Yuja Wang a tout du phénomène. Un an après avoir commencé le piano à l'âge de six ans, elle donnait son premier concert. Aujourd'hui, la jeune trentenaire chinoise figure parmi les pianistes les plus éminents de notre époque. Au sein du De Doelen de Rotterdam, elle a ébloui le public en interprétant aux côtés de l'Orchestre philharmonique de la ville, le Concerto pour piano n°4 de Rachmaninov.

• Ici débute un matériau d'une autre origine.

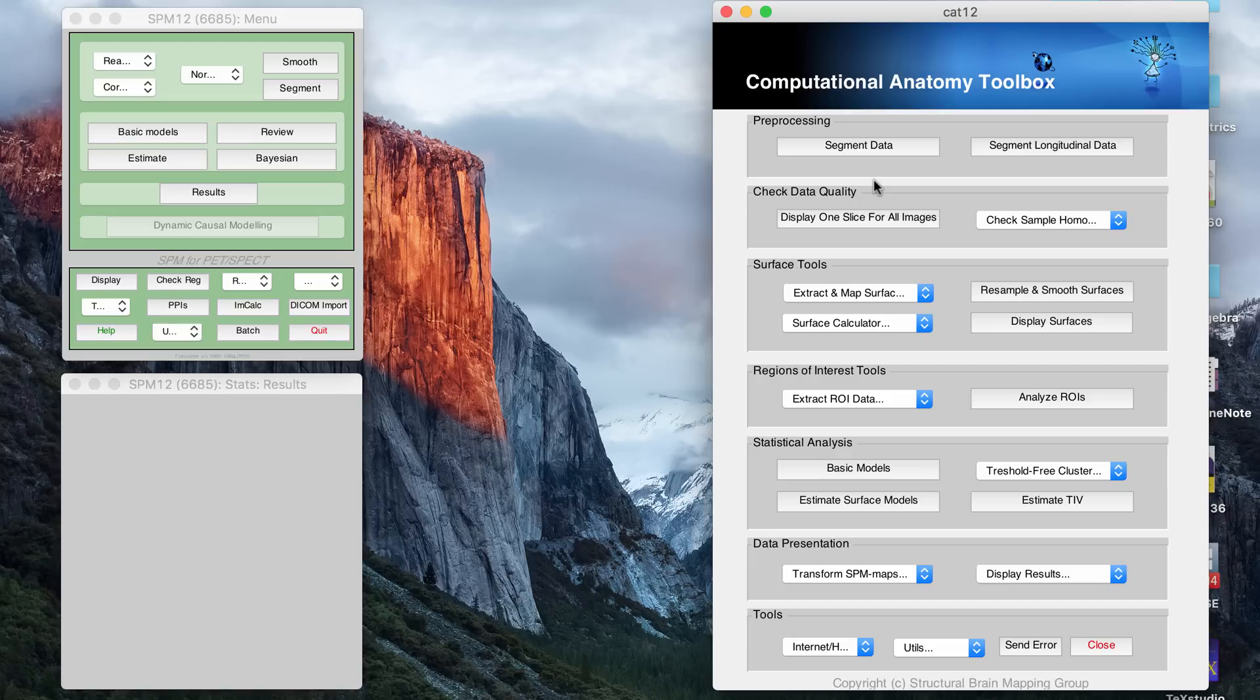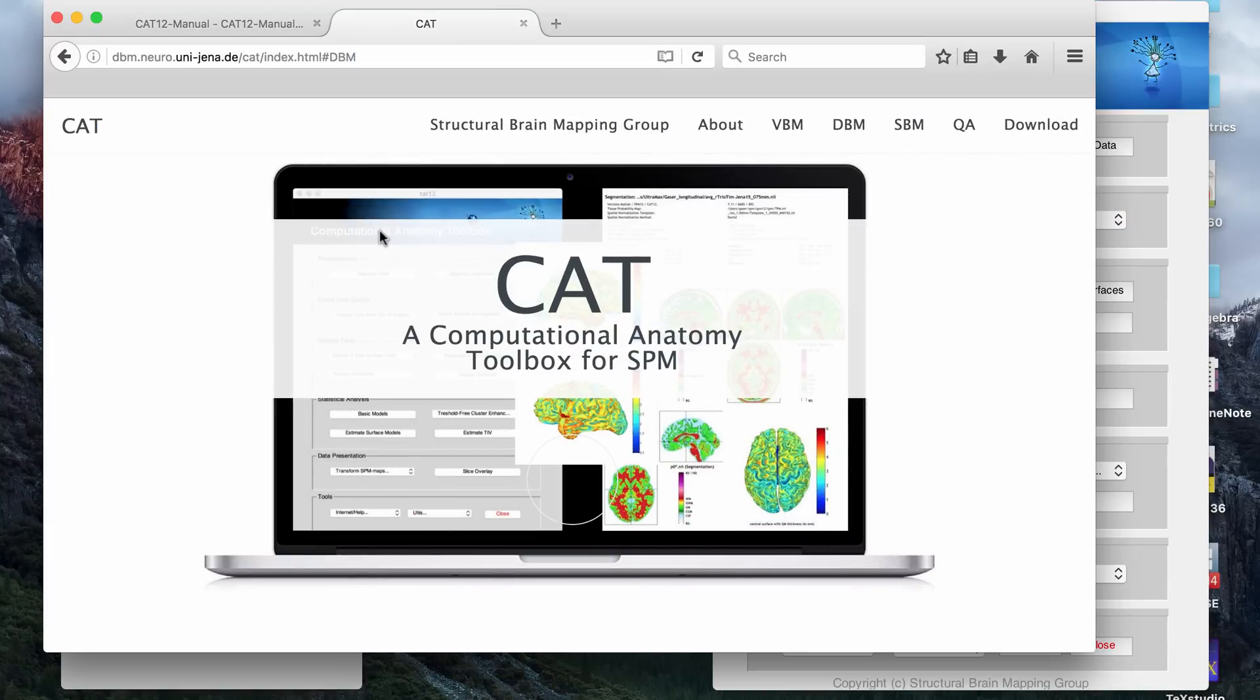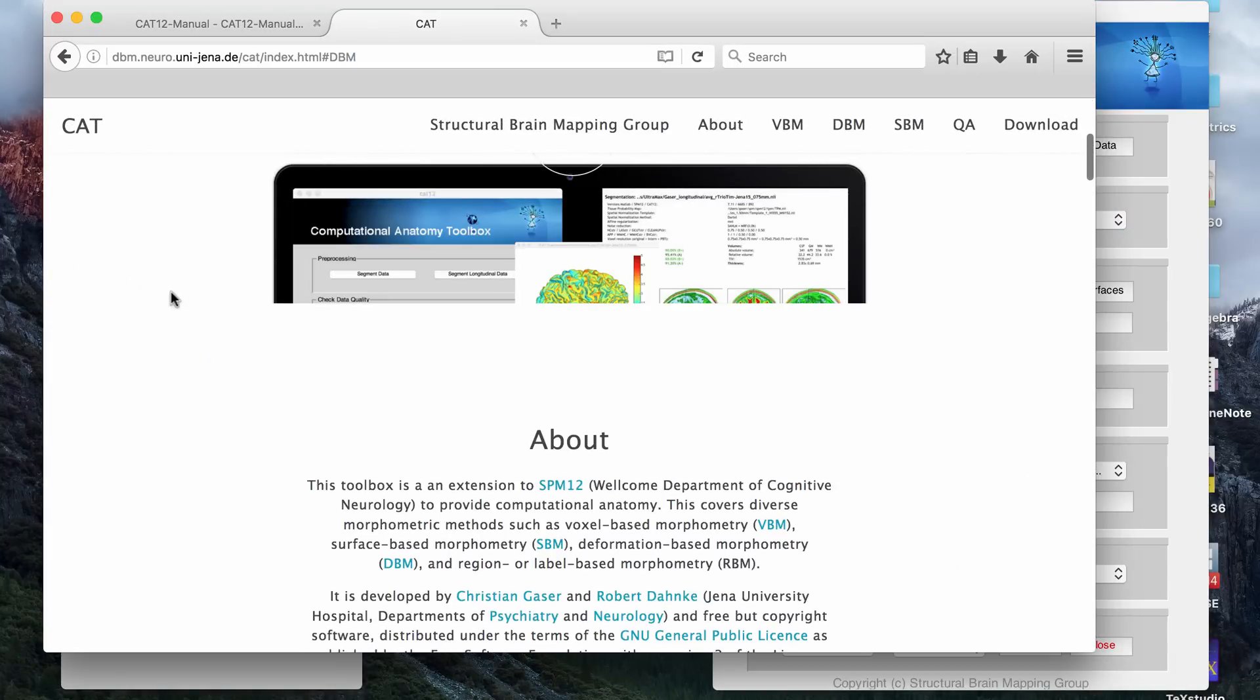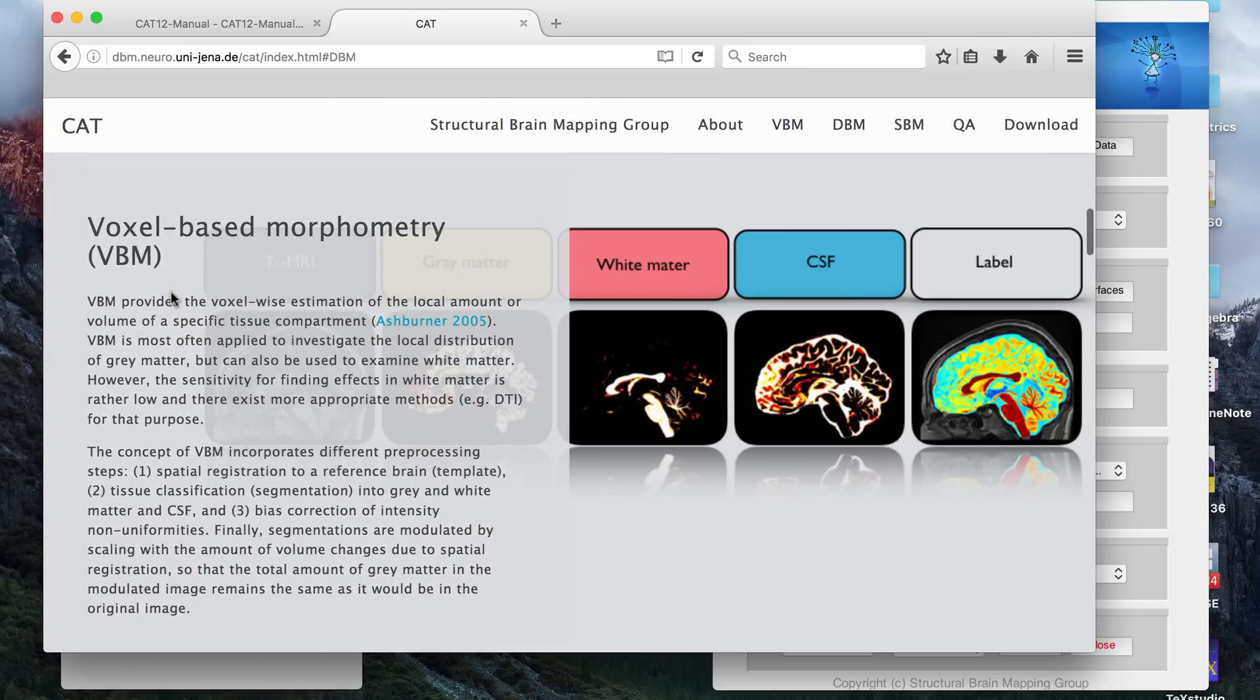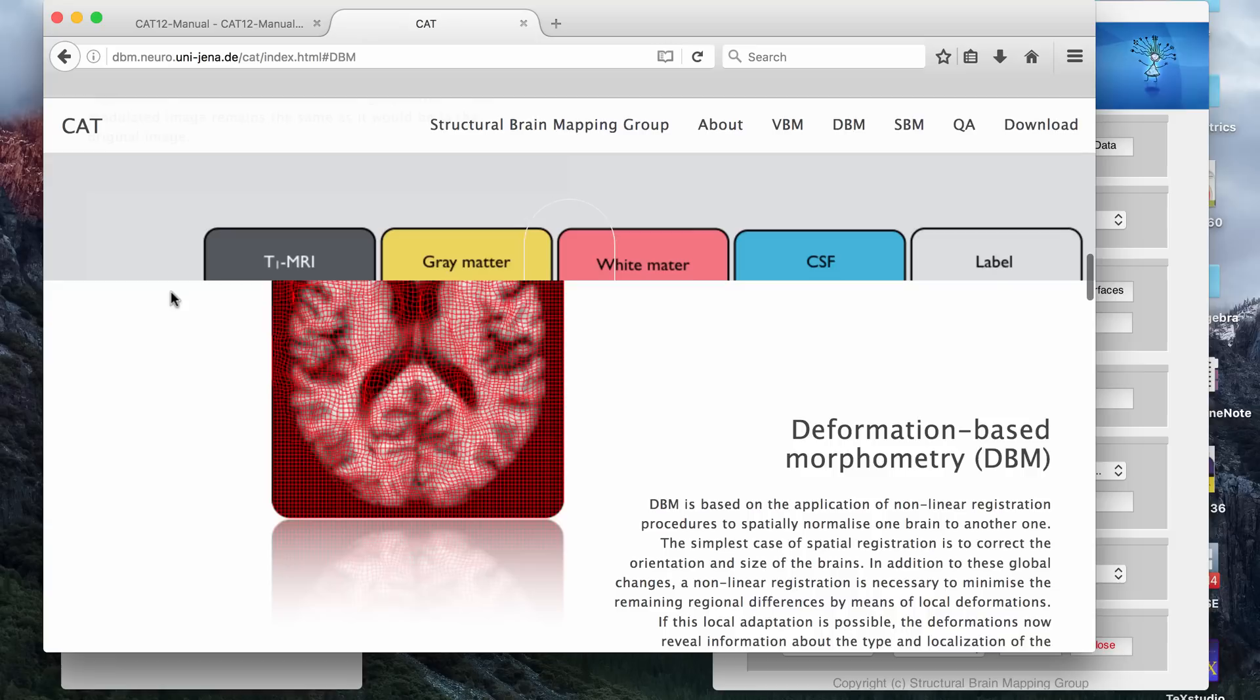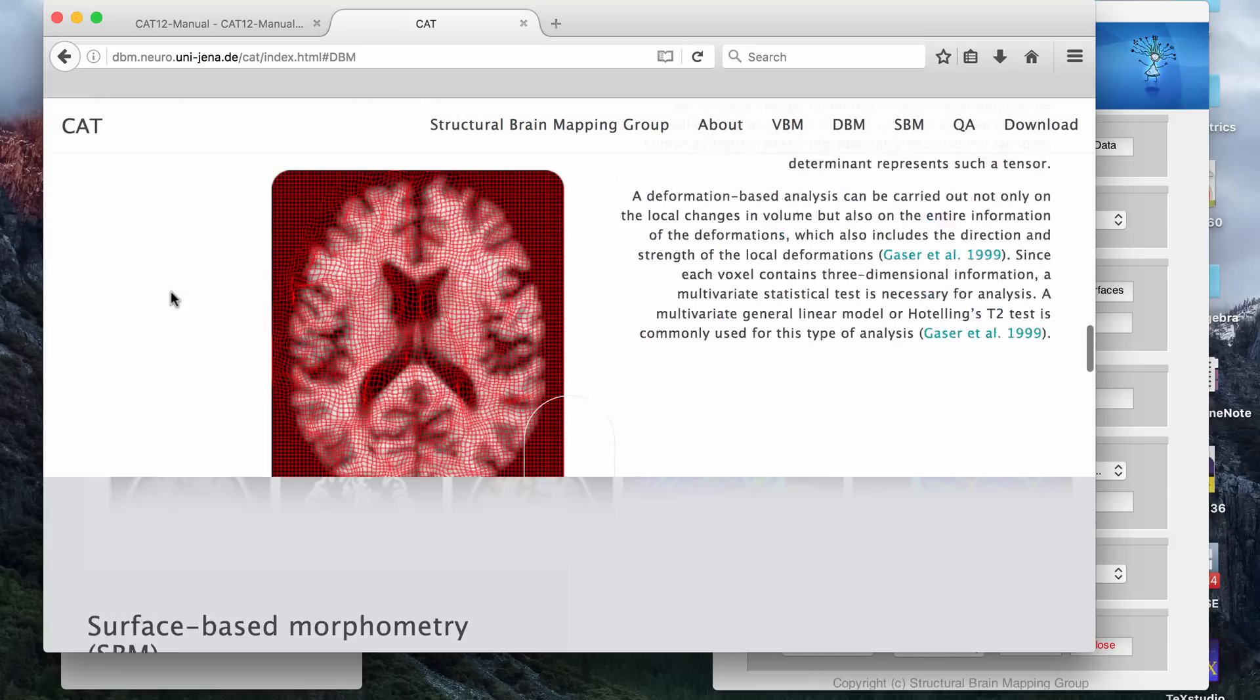Then, probably most importantly for this video, I'm using this program called CAT 12, and this is another free program. I'll put the link in the description box below where you can download the program. It's from a university in Germany, and it really makes it simple to do VBM. You can also do something called DBM, which if you have a longitudinal study design, you might want to look into that.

Une pièce rare que le compositeur russe a remaniée plusieurs fois.
« Il suffit d'écouter sa musique ! C'est la plus sensuelle et la plus passionnée qui soit : je ne sais pas où il est allé chercher tout cela, » s'interroge Yuja Wang. « À chaque fois que je joue sa musique, c'est l'émerveillement : c'est un cadeau ! », assure-t-elle dans un sourire.

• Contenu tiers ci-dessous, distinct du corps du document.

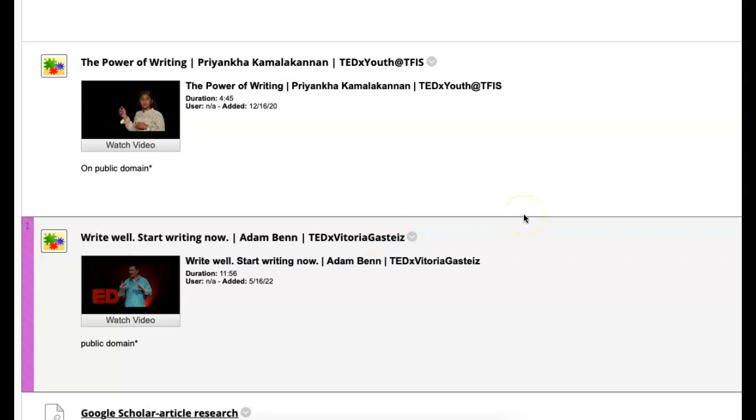I have two TED Talks. Of course, you guys know I like TED Talks. One's about the power of writing - writing is very powerful, it's a great way to communicate. And then also write well, start now, which is a great TED Talk as well. So be sure to take a look at those two.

L'œuvre est tout aussi exceptionnelle aux yeux du chef d'orchestre principal de Rotterdam et nouveau directeur musical du Metropolitan Opera de New York Yannick Nézet-Séguin : « On est frappé par sa puissance, mais aussi par ses nombreux moments de rêve où l'on a l'impression que tout part dans l'atmosphère comme des lucioles, des choses qui s'allument et tout de suite après, s'éteignent : c'est un concerto du secret pour moi, » estime-t-il.
Yuja Wang évoque pour nous, le deuxième mouvement : « Il commence comme une introduction : c'est comme si on était à New York dans un bar de jazz... ou plutôt à Los Angeles ! » [elle s'interrompt pour jouer]. « Il y a des allusions et des éléments de toutes ses autres œuvres », ajoute-t-elle avant d'interpréter le Concerto n°2. « En réalité, cette pièce est comme un oignon [rires] : couche après couche, on découvre là où il en était quand il était très âgé, » fait remarquer la jeune pianiste.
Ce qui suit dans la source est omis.